Un Viejo
Que Leía Novelas De Amor
capitulo cuarto
... Luego de cinco días de navegación,
arribó a El Idilio. El lugar estaba cambiado. Una veintena de casas se
ordenaba formando una calle frente al río, y al final una construcción
algo mayor enseñaba en el frontis un rótulo amarillo con la palabra
ALCALDIA.
... Había también
un muelle de tablones que Antonio Bolívar evitó, y navegó algunos
metros más aguas abajo hasta que el cansancio le indicó un sitio donde
levantó la choza.
... Al comienzo
los lugareños lo rehuyeron mirándolo como a un salvaje al verle
internarse en el monte, armado de la escopeta, una Remington del
catorce heredada del único hombre que matara y de manera equivocada,
pero pronto descubrieron el valor de tenerlo cerca.
... Tanto los colonos como los buscadores de oro
cometían toda clase de errores estúpidos en la selva.

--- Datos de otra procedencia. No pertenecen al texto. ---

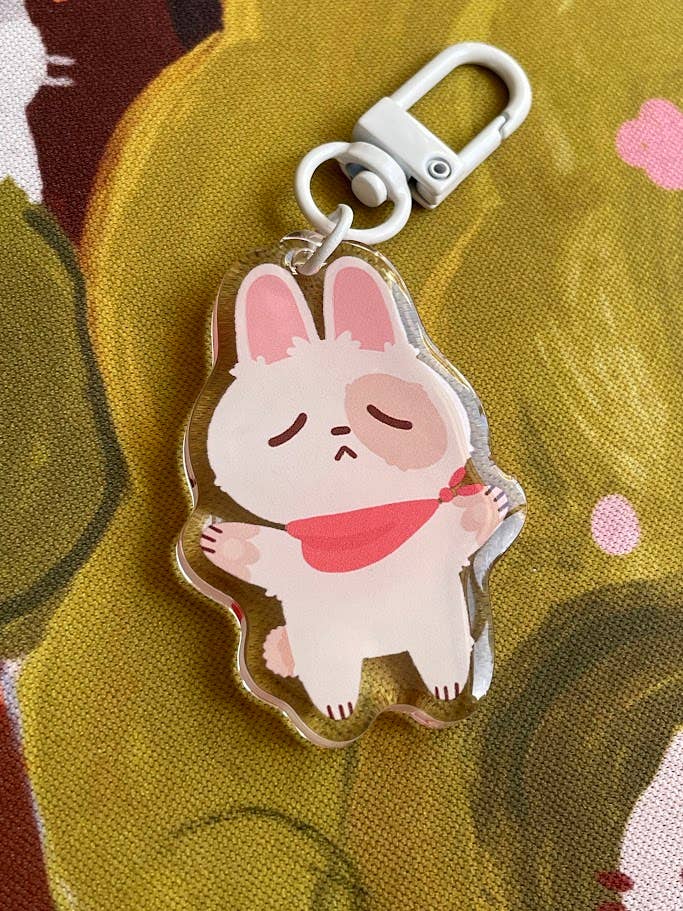 Woodland Friends Mystery Acrylic Charms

La depredaban
sin consideración, y esto conseguía que algunas bestias se volvieran
feroces.
... A veces, por
ganar unos metros de terreno plano talaban sin orden dejando aislada a
una quebrantahuesos, y ésta se desquitaba eliminándoles una acémila, o
cometían la torpeza de atacar a los saínos en epoca de celo, lo que
transformaba a los pequeños jabalíes en monstruos agresivos. Y estaban
también los gringos venidos desde las instalaciones
petroleras.
...
Llegaban en grupos
bulliciosos portando armas suficientes para equiparar un batallón, y
se lanzaban monte adentro dispuestos s acabar con todo lo que se
moviera. Se ensañaban con los tigrillos, sin diferenciar crías o
hembras preñadas, y , más tarde, antes de largarse, se fotografiaban
junto a las docenas de pieles estacadas.
... Los
gringos se iban, las pieles permanecían pudriéndose hasta que una mano
diligente las arrojaba la río, y los tigrillos sobrevivientes se
desquitaban destripando reses famélicas.
... Antonio José Bolivar se ocupaba de mantenerlos a raya, en tanto
los colonos destrozaban la selva construyendo la obra maestra del
hombre civilizado: el desierto.
... Pero los animales duraron poco. Las especies sobrevivientes se
tornaron más astutas, y , siguiendo el ejemplo de los shuar y otras
culturas amazónicas, los animales también se internaron selva adentro,
en un éxodo imprescindible hacia el oriente.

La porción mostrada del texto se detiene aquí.